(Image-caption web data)
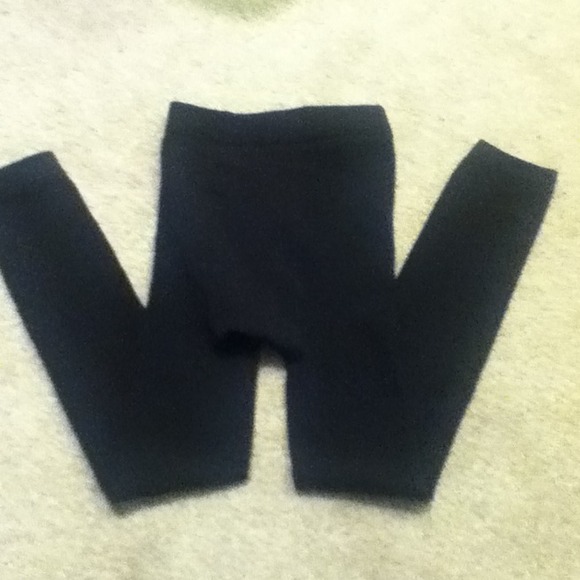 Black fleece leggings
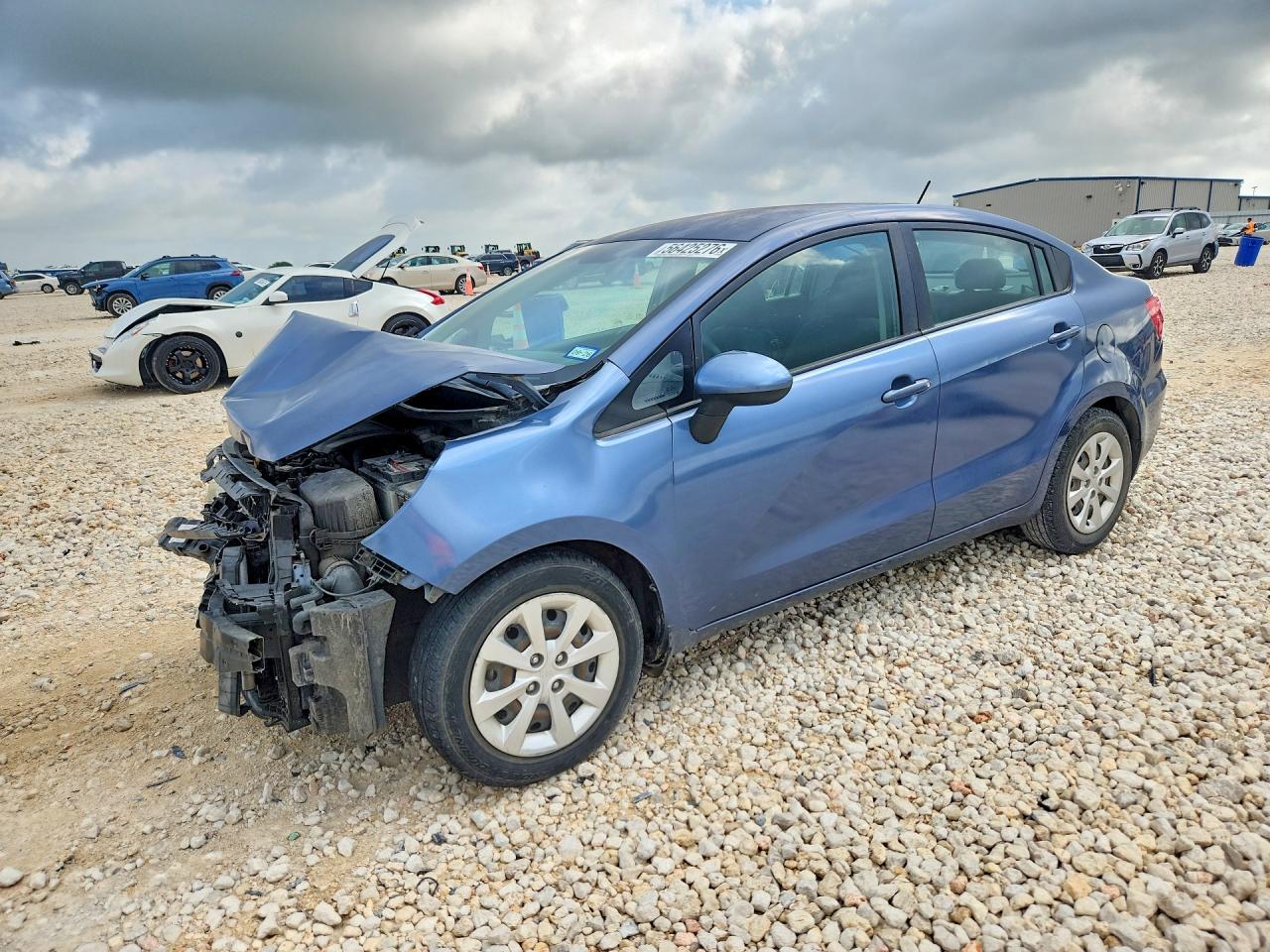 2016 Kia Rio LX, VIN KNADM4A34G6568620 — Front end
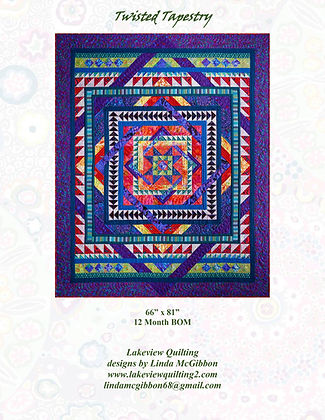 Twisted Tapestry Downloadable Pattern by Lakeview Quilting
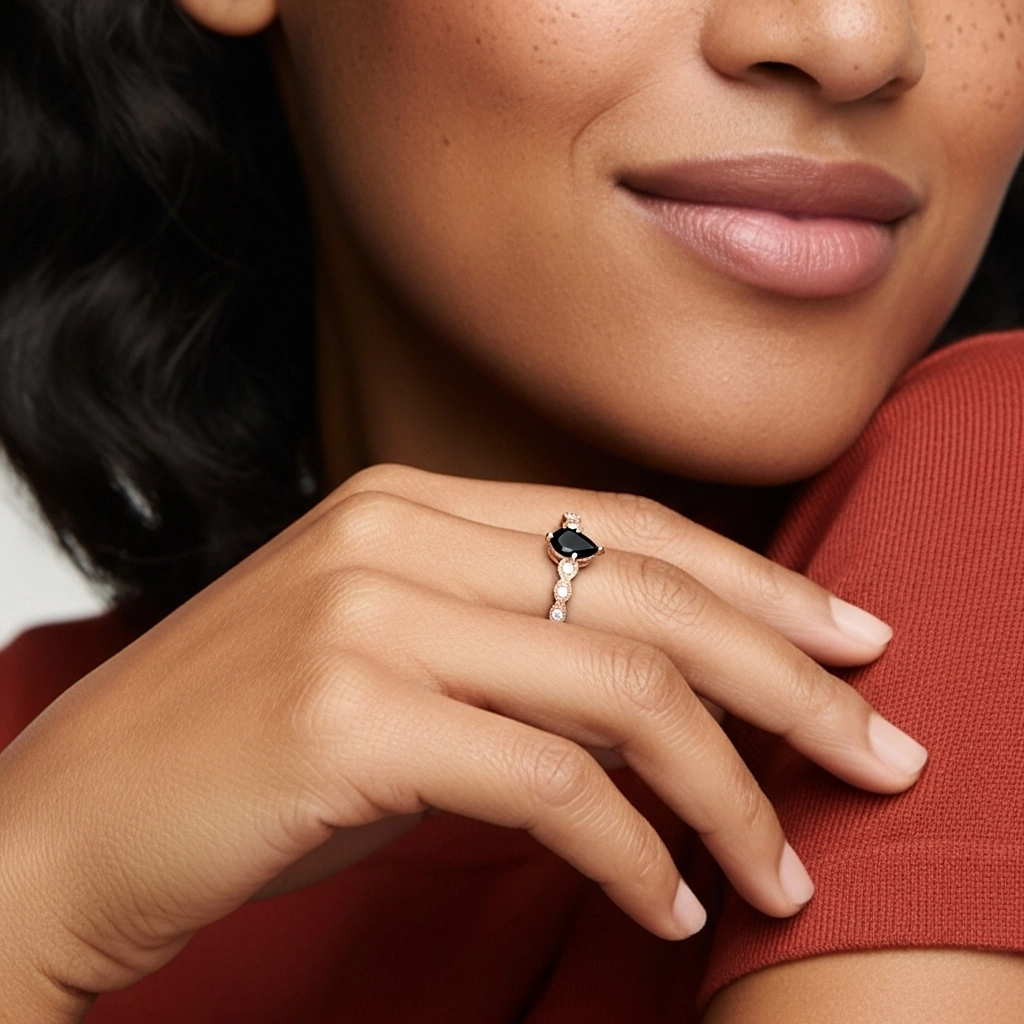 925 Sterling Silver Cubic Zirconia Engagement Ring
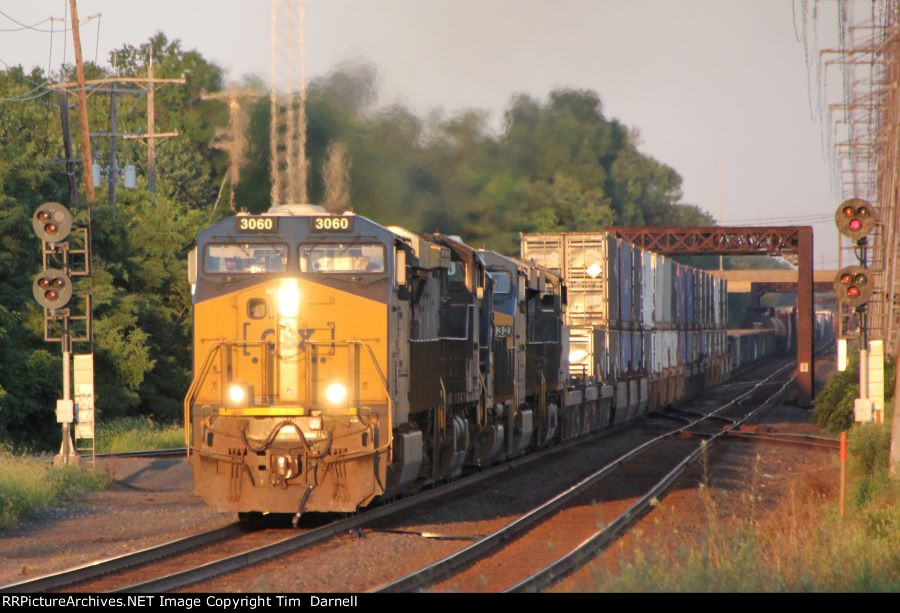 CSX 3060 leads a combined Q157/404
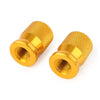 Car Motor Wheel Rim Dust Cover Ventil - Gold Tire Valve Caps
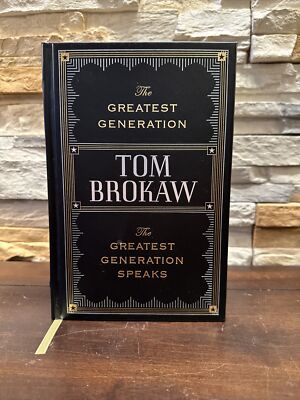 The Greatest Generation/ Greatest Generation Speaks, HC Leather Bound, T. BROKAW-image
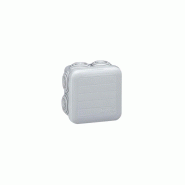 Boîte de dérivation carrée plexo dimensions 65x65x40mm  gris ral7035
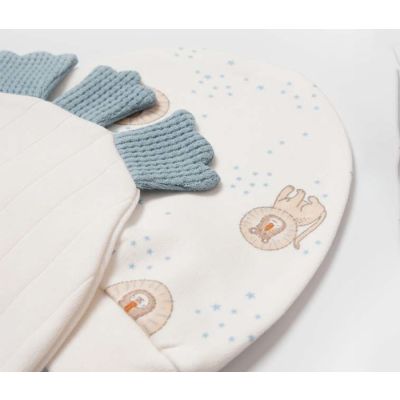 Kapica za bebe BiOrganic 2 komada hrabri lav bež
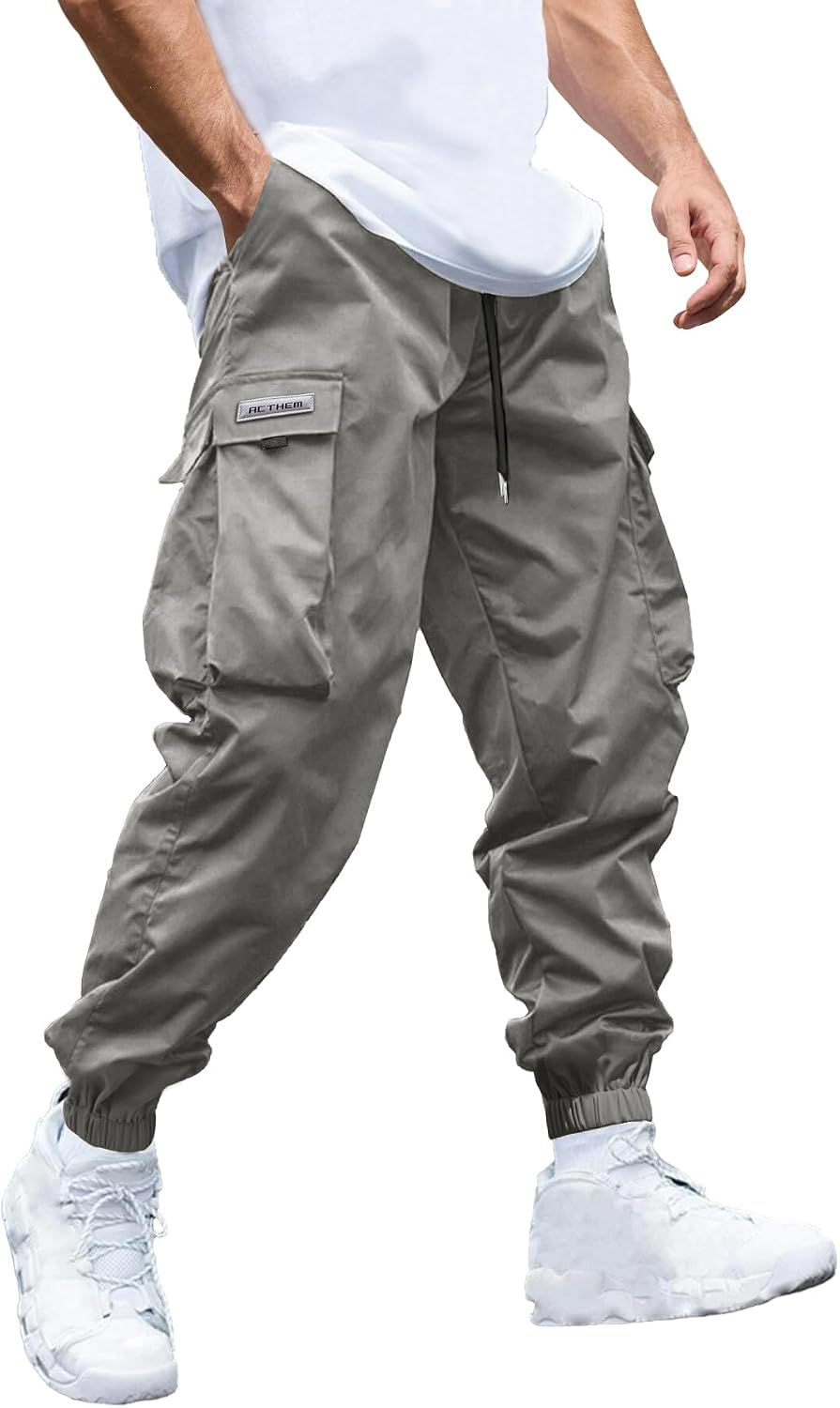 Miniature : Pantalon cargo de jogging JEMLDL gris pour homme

The problem ->
Repeat the data word for word. Images are not part of the copy.

Output ->
 Black fleece leggings
 2016 Kia Rio LX, VIN KNADM4A34G6568620 — Front end
 Twisted Tapestry Downloadable Pattern by Lakeview Quilting
 925 Sterling Silver Cubic Zirconia Engagement Ring
 CSX 3060 leads a combined Q157/404
 Car Motor Wheel Rim Dust Cover Ventil - Gold Tire Valve Caps
 The Greatest Generation/ Greatest Generation Speaks, HC Leather Bound, T. BROKAW-image
 Boîte de dérivation carrée plexo dimensions 65x65x40mm  gris ral7035
 Kapica za bebe BiOrganic 2 komada hrabri lav bež
 Miniature : Pantalon cargo de jogging JEMLDL gris pour homme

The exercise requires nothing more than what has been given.